小説 | ナノ
 いよいよバレンタイン当日。今日は男子も女子もどこか浮き足立っていて落ち着かない。
 そんな中、俺は机に突っ伏して視界をシャットアウトしていた。
 一昨日、佐橋を突き放してからずっと俺は佐橋を避けてきた。朝はギリギリに登校して、休み時間にはすぐに教室を出る。そして一日の授業が終われば誰よりも早く、学校を出た。
 そんな俺を見て、佐原は心配そうに「喧嘩でもした?」と聞いてきたが、なるべく不安を煽らないように答えた。

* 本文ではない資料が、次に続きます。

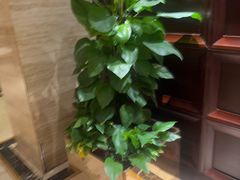 -洛阳宴·洛阳菜(南昌路店)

佐原は少し納得がいかないようだったけれど、俺がケーキ作りにはきちんと参加していたので問い詰められることは無かった。
 昨日の晩、とうとう佐原は初めて美味しそうなケーキを作り上げた。見た目も綺麗でほんのりと甘い香りを漂わせるそれはとても食欲をそそり、正に佐原の努力の結晶だと思った。
 佐原は放課後に渡すらしく、今は友達と楽しそうに話している。その顔はどこか自信に満ちていて、輝いていた。

「……これで良い」

 ポツリと呟いた言葉はクラスの喧騒にかき消された。
 佐橋はと言えば、案の定女子に引っ張りだこでほとんど教室にいない。けれど、誰からもチョコは受け取っていないようだった。 やっぱり本命は――。
 それ以上、考えたくなくて俺は俯いたまま、より目を瞑った。

「…………くん、高岳君!」
「! ……佐原、どうかした?」

 いつの間に近付いたのか、顔を上げればすぐそこに佐原がいて俺は目を瞬く。

「もしかして気分とか悪い?」
「いや、ちょっと寝不足なだけだから大丈夫」
「ほんっと、お兄ちゃんが我が儘言ってごめんね」

 昨日の晩、佐原と一緒に作ったケーキを言われていた通り辰美さんにあげようと思っていたのだが、ちょうど帰ってきた辰美さんに早速あげれば、顔をしかめて「嫌だ!」と断られてしまったのだ。辰美さんの言い分は、まだバレンタイン当日じゃないしラッピングも無くドキドキ感が皆無。何より、辰美さんのことだけを考えて作ったケーキが良いとのことだった。
 これを聞いたときは、流石に顔が引きつった。佐原も自分の兄がこんなに気持ち悪いとは思っていなかったらしく、可愛い顔を引きつらせていた。
 かなり面倒臭かったが、辰美さんが延々と駄々をこねる気がしたので俺は渋々了承した。あまりにも、遅くまでいるのも迷惑だろうし俺は自分の家で夜中にケーキを作って佐原からもらったものでラッピングもきちんとした。だから寝不足というのは嘘でない。
 あと一応、そのケーキは今、俺の鞄の中にある。まぁ学校が終わったら、辰美さんに連絡をとってさっさと渡すつもりだ。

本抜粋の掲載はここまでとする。